■ **Problem requirements**
Restate word for word every line from the top of the data below down through the line that holds "Under Armour Men's".

■ **Source records**
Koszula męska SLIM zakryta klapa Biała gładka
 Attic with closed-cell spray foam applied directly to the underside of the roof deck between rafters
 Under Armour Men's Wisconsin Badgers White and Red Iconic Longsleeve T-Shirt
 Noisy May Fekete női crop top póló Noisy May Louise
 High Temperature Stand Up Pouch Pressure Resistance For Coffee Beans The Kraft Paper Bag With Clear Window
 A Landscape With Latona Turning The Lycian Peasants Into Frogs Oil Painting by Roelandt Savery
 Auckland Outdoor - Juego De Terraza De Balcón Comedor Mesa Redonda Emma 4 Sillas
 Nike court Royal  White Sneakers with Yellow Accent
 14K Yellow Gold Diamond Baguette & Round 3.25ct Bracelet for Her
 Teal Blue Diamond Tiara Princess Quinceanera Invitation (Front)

■ **Result below**
Koszula męska SLIM zakryta klapa Biała gładka
 Attic with closed-cell spray foam applied directly to the underside of the roof deck between rafters
 Under Armour Men's Wisconsin Badgers White and Red Iconic Longsleeve T-Shirt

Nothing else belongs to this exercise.